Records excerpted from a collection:
*** Block opens ***
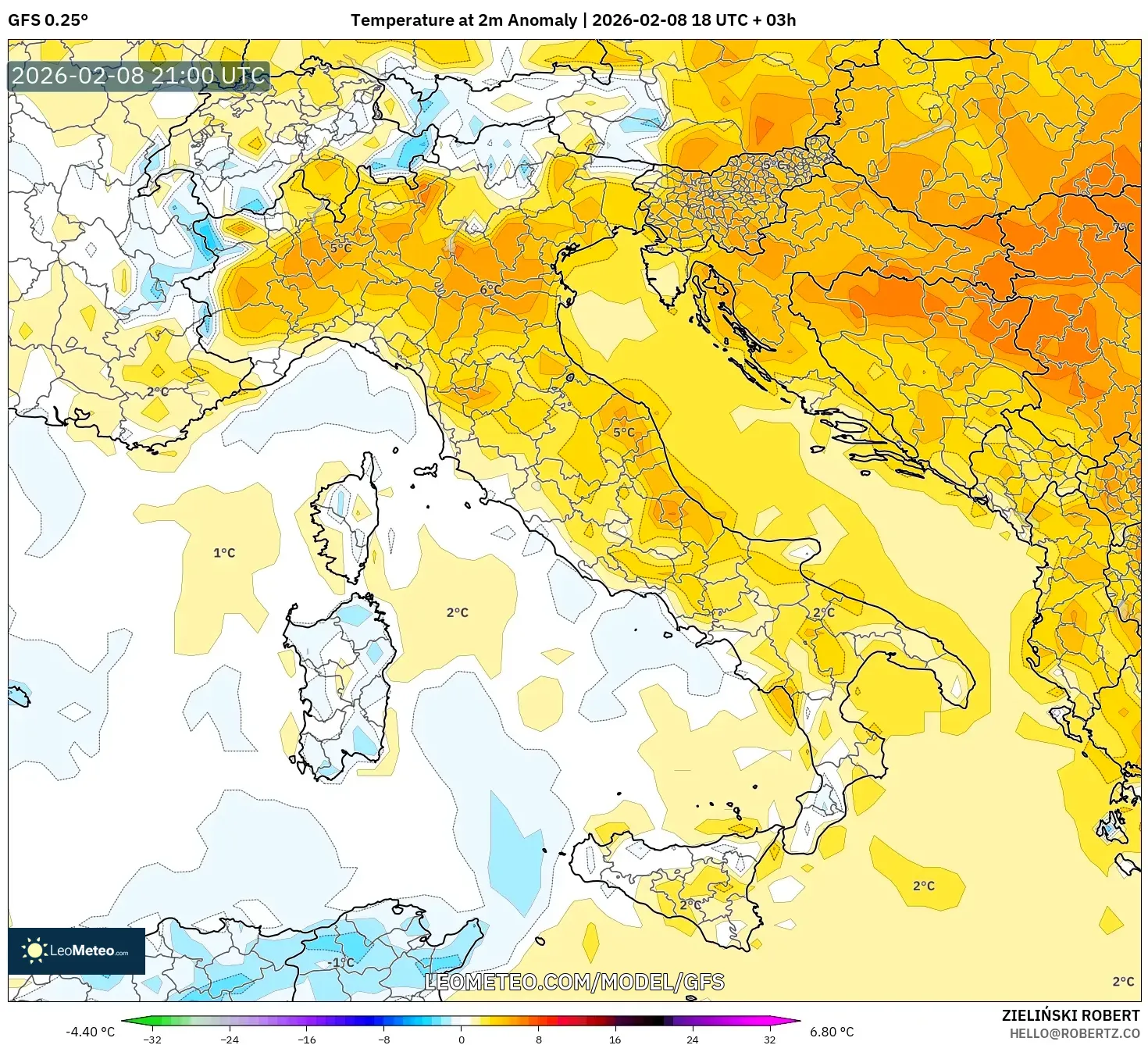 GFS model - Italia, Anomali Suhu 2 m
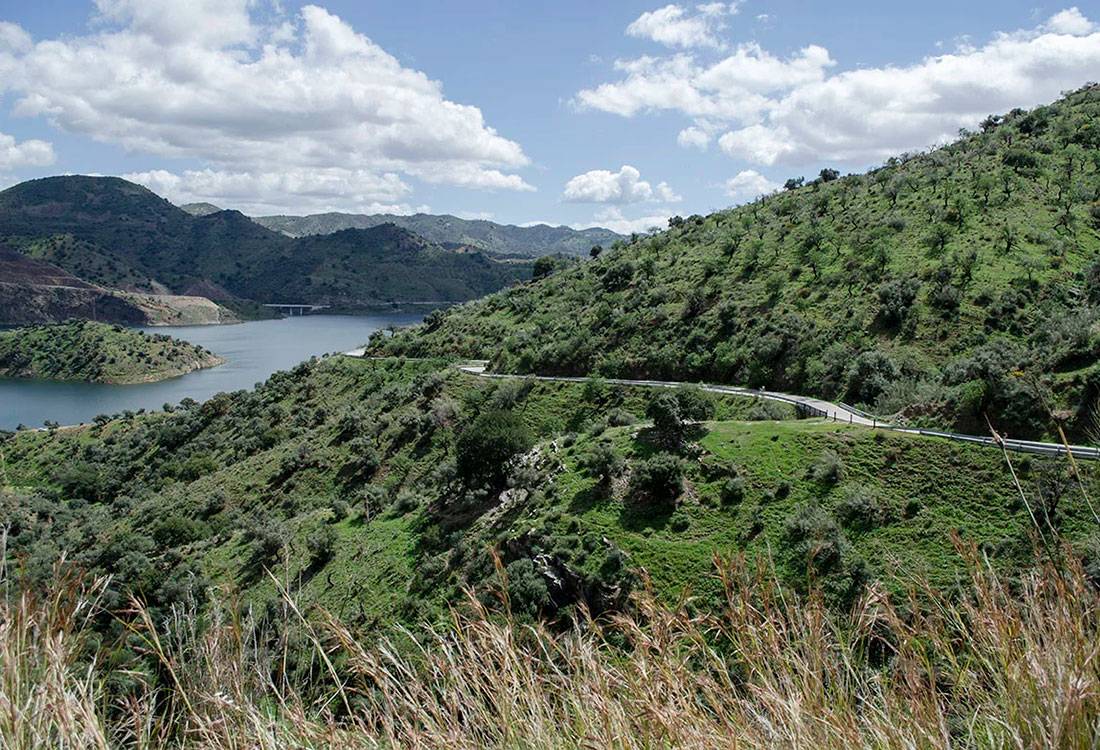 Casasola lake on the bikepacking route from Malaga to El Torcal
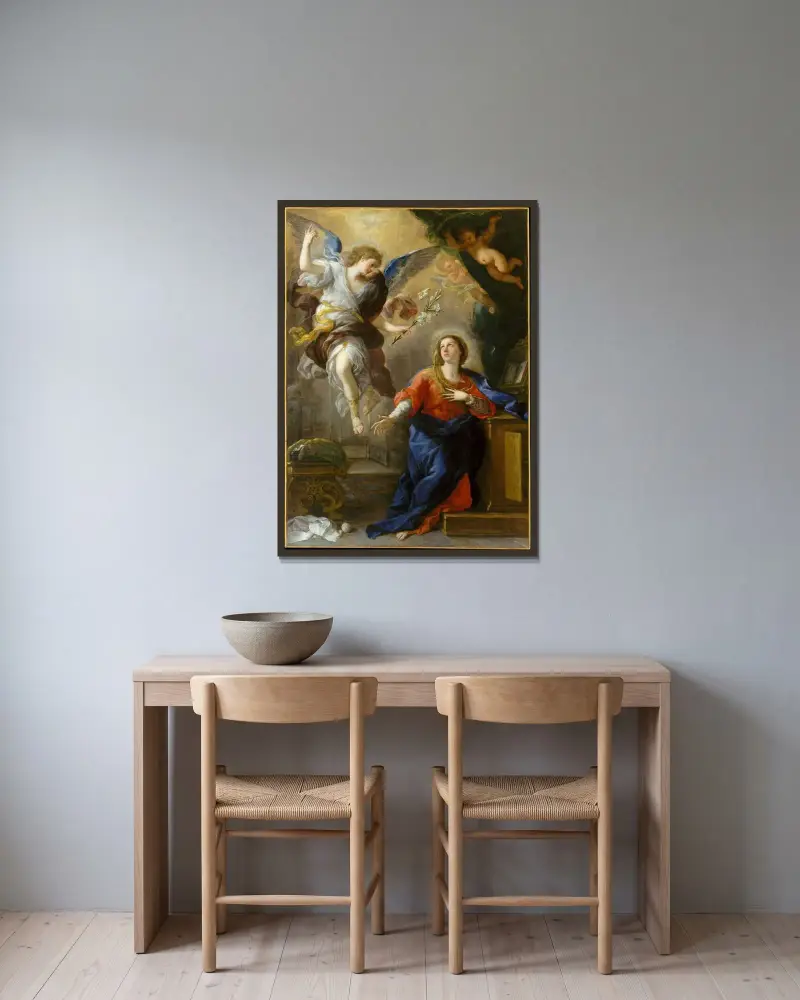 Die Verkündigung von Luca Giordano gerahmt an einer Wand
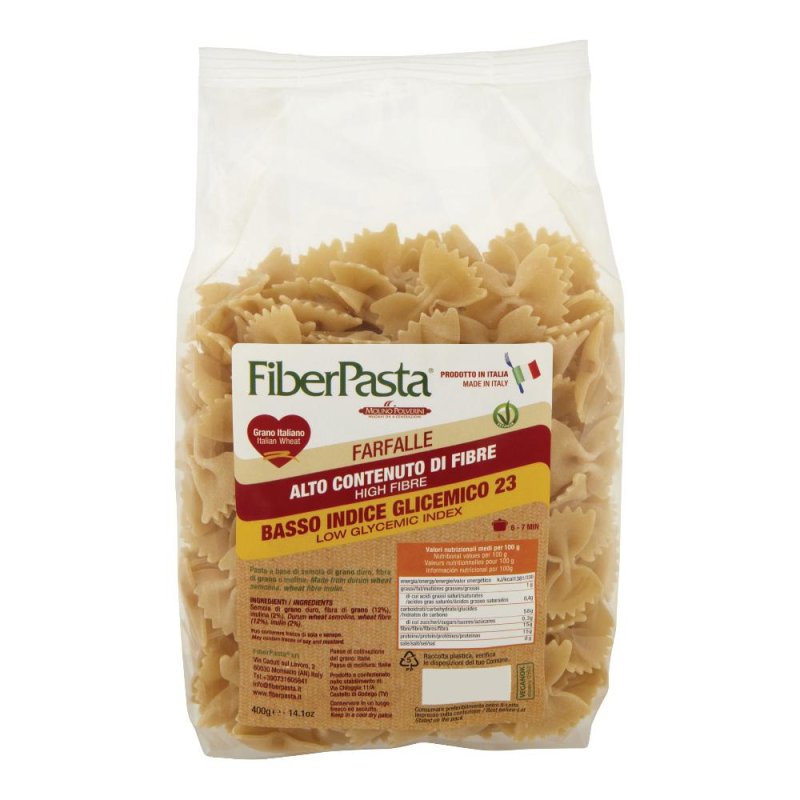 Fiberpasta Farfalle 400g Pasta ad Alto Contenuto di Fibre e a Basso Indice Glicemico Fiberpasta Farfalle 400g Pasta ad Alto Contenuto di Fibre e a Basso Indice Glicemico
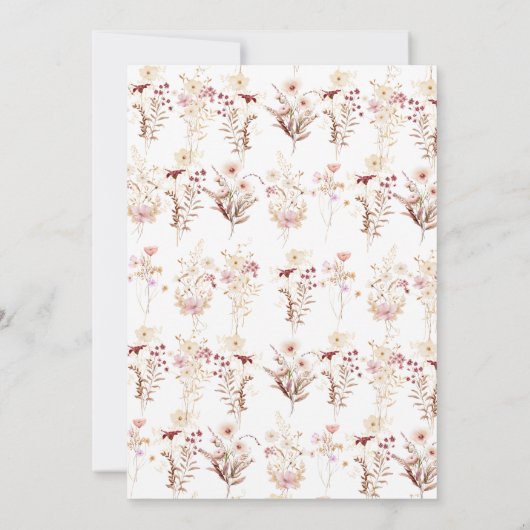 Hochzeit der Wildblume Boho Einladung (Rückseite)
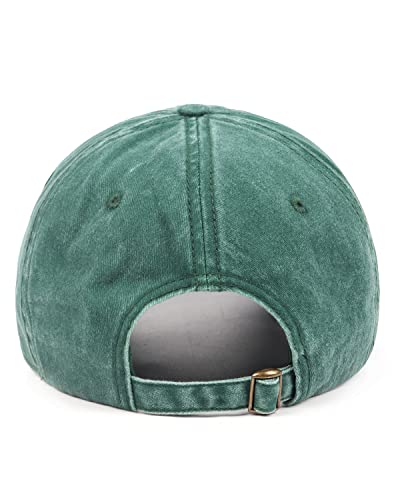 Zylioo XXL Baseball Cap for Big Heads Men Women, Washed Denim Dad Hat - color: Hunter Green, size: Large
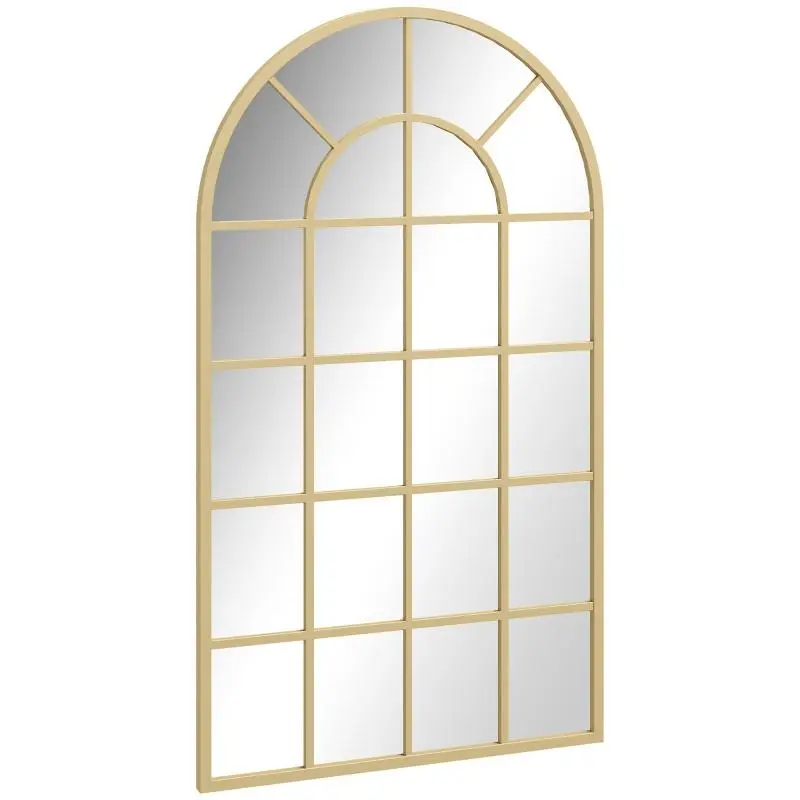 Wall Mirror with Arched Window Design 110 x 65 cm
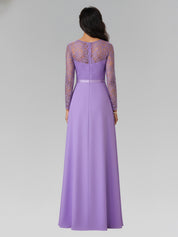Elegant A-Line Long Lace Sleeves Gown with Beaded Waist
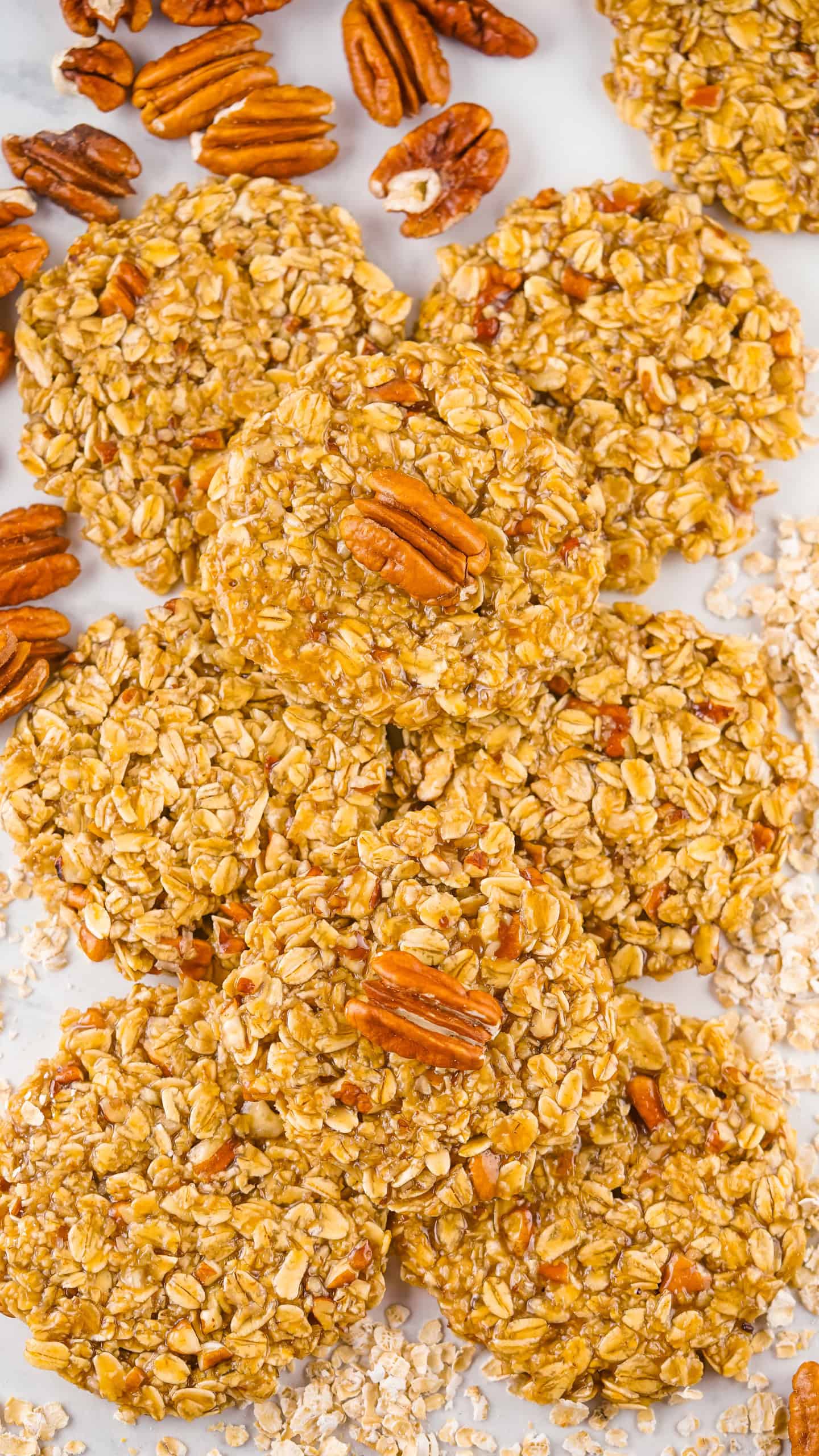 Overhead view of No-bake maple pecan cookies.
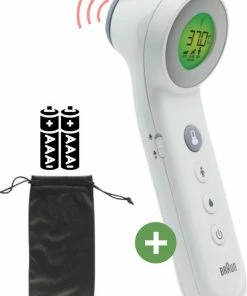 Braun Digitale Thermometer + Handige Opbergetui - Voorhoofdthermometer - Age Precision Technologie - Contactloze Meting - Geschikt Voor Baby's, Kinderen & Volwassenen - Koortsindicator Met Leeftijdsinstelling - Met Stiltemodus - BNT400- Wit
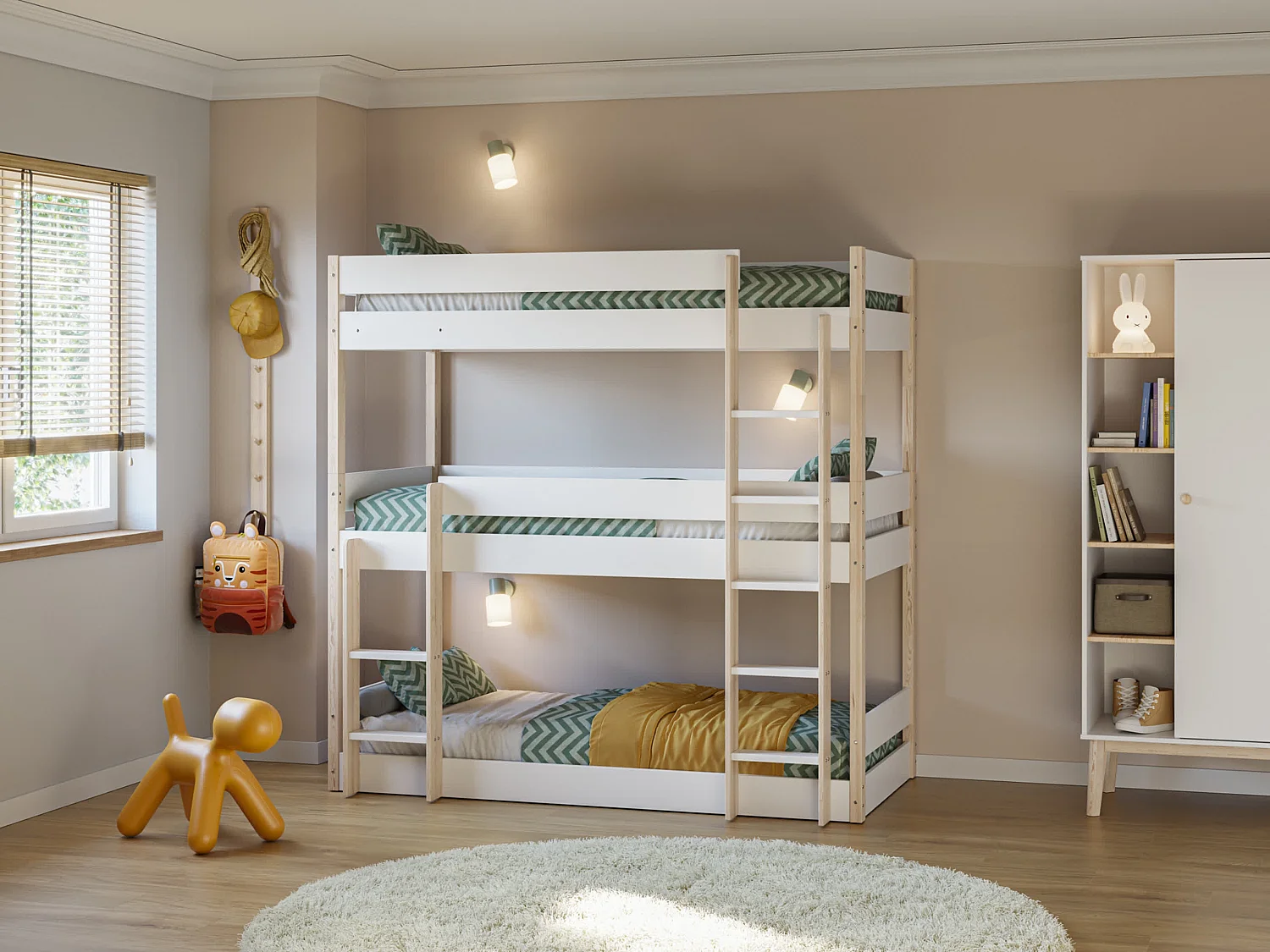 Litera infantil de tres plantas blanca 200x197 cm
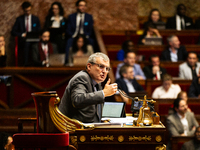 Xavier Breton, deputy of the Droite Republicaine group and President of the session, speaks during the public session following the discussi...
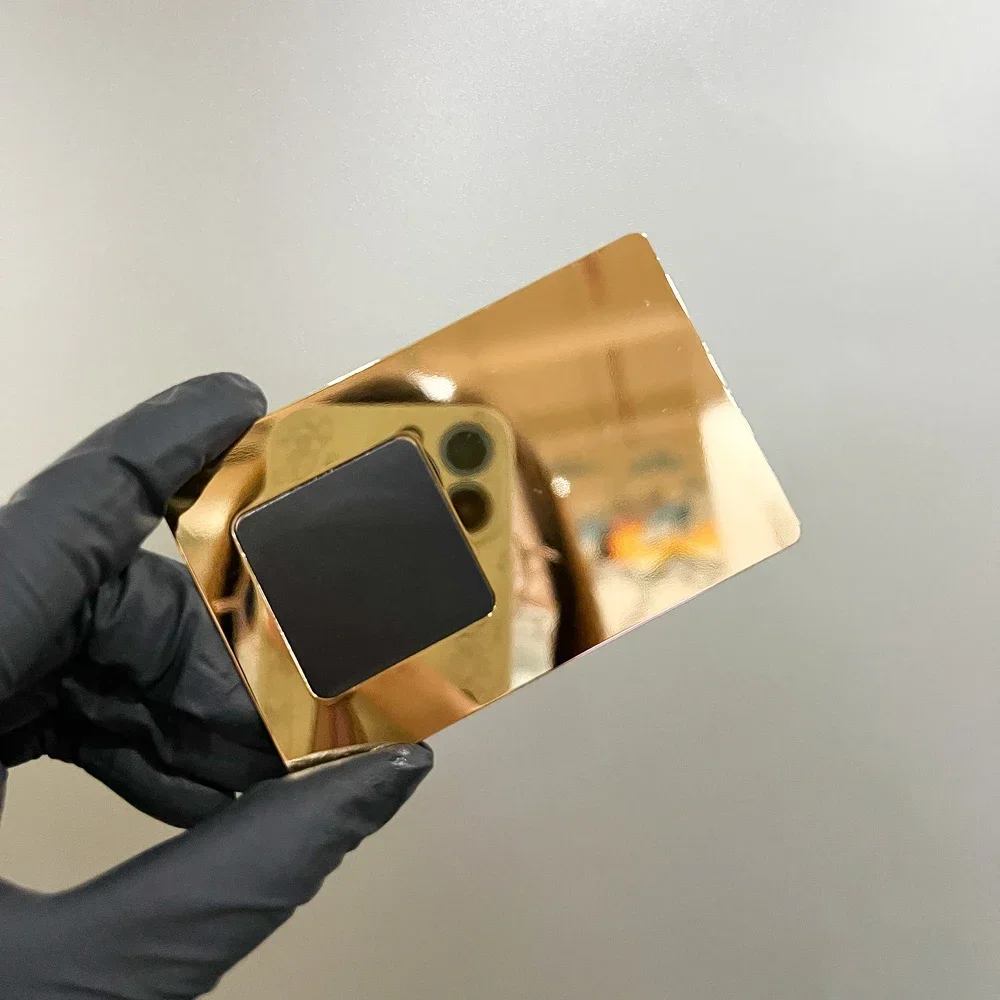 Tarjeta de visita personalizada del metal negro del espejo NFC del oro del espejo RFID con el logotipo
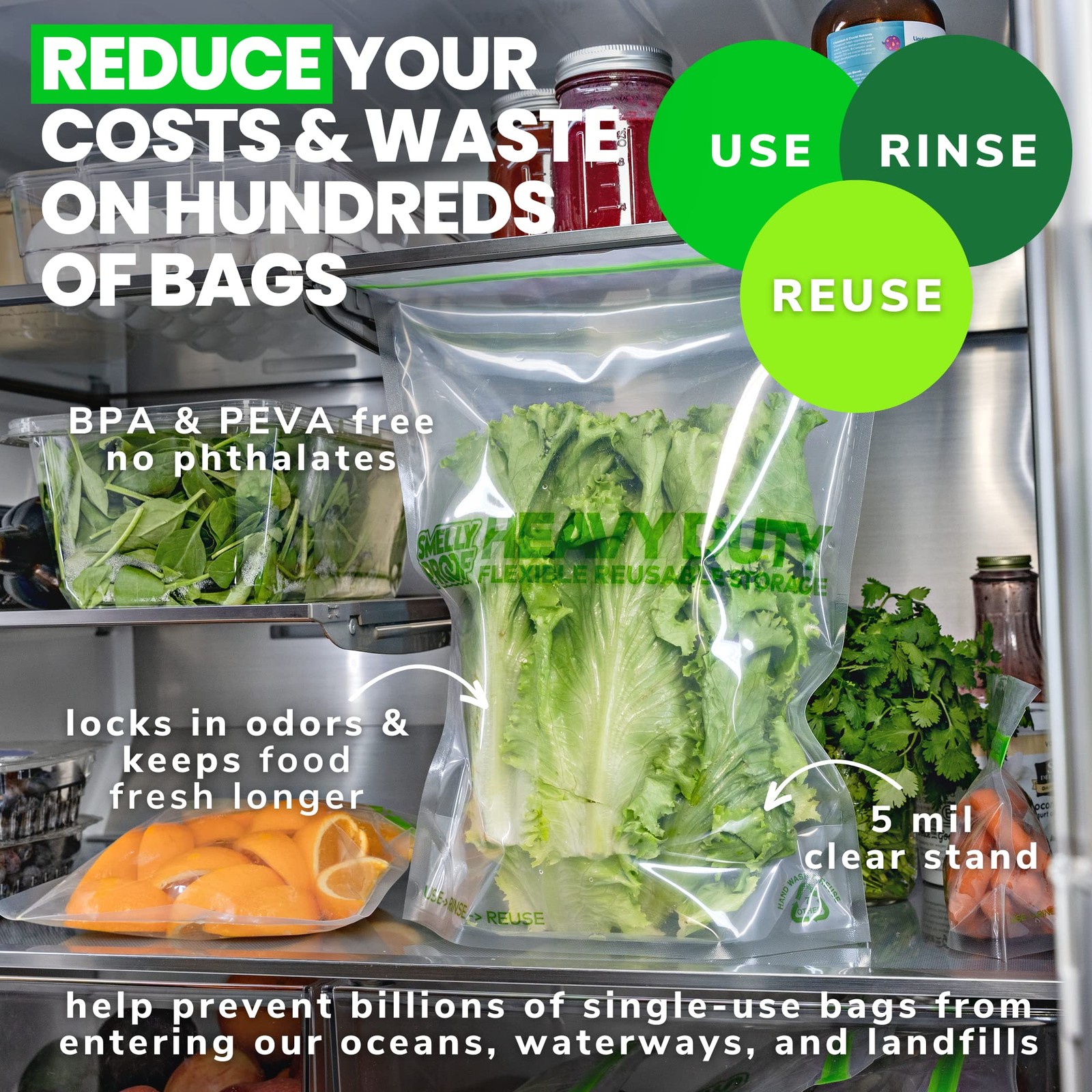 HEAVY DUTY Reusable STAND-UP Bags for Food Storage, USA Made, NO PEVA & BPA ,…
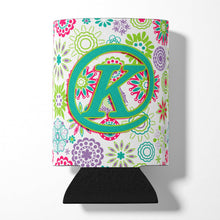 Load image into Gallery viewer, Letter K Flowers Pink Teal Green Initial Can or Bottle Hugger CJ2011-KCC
*** Block closes ***
Goal of the exercise: Retype every entry exactly, but keep the pictures out of your copy.

Your solution:
 GFS model - Italia, Anomali Suhu 2 m
 Casasola lake on the bikepacking route from Malaga to El Torcal
 Die Verkündigung von Luca Giordano gerahmt an einer Wand
 Fiberpasta Farfalle 400g Pasta ad Alto Contenuto di Fibre e a Basso Indice Glicemico Fiberpasta Farfalle 400g Pasta ad Alto Contenuto di Fibre e a Basso Indice Glicemico
 Hochzeit der Wildblume Boho Einladung (Rückseite)
 Zylioo XXL Baseball Cap for Big Heads Men Women, Washed Denim Dad Hat - color: Hunter Green, size: Large
 Wall Mirror with Arched Window Design 110 x 65 cm
Elegant A-Line Long Lace Sleeves Gown with Beaded Waist
 Overhead view of No-bake maple pecan cookies.
 Braun Digitale Thermometer + Handige Opbergetui - Voorhoofdthermometer - Age Precision Technologie - Contactloze Meting - Geschikt Voor Baby's, Kinderen & Volwassenen - Koortsindicator Met Leeftijdsinstelling - Met Stiltemodus - BNT400- Wit
 Litera infantil de tres plantas blanca 200x197 cm
 Xavier Breton, deputy of the Droite Republicaine group and President of the session, speaks during the public session following the discussi...
 Tarjeta de visita personalizada del metal negro del espejo NFC del oro del espejo RFID con el logotipo
 HEAVY DUTY Reusable STAND-UP Bags for Food Storage, USA Made, NO PEVA & BPA ,…
 Load image into Gallery viewer, Letter K Flowers Pink Teal Green Initial Can or Bottle Hugger CJ2011-KCC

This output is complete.